On your V02 study, I think the response would be that Vo2 max is likely not the correct variable to measure when talking endurance-type fitness. In fact, I believe -- could be wrong -- that V02 max is widely seen as not a good guide to developing fitness insofar as it is tough to measure, highly dependent on body weight, and most driven by genetics rather than training. I may be wrong here, but is V02 max truly a measure of "aerobic capacity," as in aerobic fitness, as in ability to cover long distances with minimal metabolic stress? I know (or I think I know) that Vo2 Max measures the ability of your body to process oxygen, but as I understand it, the measurement comes into play during high-intensity activities rather than the lower-intensity exercise at issue here.
In any case, just trying to move the conversation along.
Lot to digest in that one, I'll do my best to touch on everything:
Regarding fasted cardio, I'll refer you to the massive body of research showing that it is identical to fed cardio for weight loss. Not worth anyone's time to dispute that fact unless you have peer reviewed data claiming otherwise. I'm simply the messenger on that one...
Now, to your VO2 max comments, which are very good btw.
VO2 max is not only the correct variable, but arguably the ONLY variable that matters when attempting to quantify "aerobic capacity" AND "aerobic endurance", regardless of where on the incremental scale of exercise the task at hand is (walking vs running vs hiking with weight etc). It's of critical importance because it gives us an objective reading on how much Oxygen the human body is capable of moving per minute...which is quite literally the definition of aerobic capacity...
If you take an athlete who has a VO2 max in the 70s (very high), they will also perform more efficiently (lower RPE, lower HR, etc) during lower intensity aerobic exercise compared to subjects with lower VO2 maxes. Again, this has been studied.
Without going down the rabbit hole of advanced statistics, a quick analysis of covariance eliminates any significant effects of varied body mass in terms of calculating trends in VO2 max during statistical analysis of any solid peer reviewed research.
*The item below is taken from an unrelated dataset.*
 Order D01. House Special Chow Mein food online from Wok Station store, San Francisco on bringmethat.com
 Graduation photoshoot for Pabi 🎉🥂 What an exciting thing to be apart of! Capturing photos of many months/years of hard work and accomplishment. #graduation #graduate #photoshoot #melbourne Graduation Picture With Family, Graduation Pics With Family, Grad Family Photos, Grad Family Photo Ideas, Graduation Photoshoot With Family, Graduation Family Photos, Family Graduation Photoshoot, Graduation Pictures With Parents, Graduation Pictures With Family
So how do we get a higher VO2 max...well, MOST of the literature points to focusing your training volume near or at your HR Max for 3-5min intervals at a 1:1 work/rest ratio...which is why I made the recommendation of HIIT style training.
THAT SAID...
You touched on the hereditary nature of VO2 max, which is likely beyond the scope of this thread but an interesting topic nonetheless...
SO, I'll link one of the craziest case studies I've ever read, and it actually DISPUTES my claim that higher intensity exercise is better for maximizing VO2 max improvements. I have a degree in Exercise Science, so I spend my downtime picking through this stuff lol. It's fundamentally important to examine the entire body of data, and what this researcher found in his work with sprint cyclists is at least worth mentioning:
For years we’ve been told that VO2 max is largely fixed, largely genetic, and largely untrainable. To the contrary, exercise physiologist and endurance sports coach Alan Couzens makes a case for the trainability of VO2 max, based on real-world experience.
simplifaster.com
He has personally seen the most dramatic jumps in VO2 max in athletes that put in most of their work volume in the 65-80% HR zones...(mind you the LISS is performed between 50 and 65% HR Max)
NOTE *The 65-80% zone meshes quite nicely with a mixed terrain weighted ruck*
I'll add a disclaimer that there is absolutely nothing wrong with LISS cardio, and it's obviously wide ranging benefits (mental and physical)...that said, to claim that it is better for weight loss, or building aerobic capacity is just flat out wrong for the vast majority of people.
In my own training program, LISS is a recovery aid and for brain maintenance. That's it.
Long winded but this is my jam, hopefully it helps a fella or two make sense of the plethora of training info floating around the internet these days!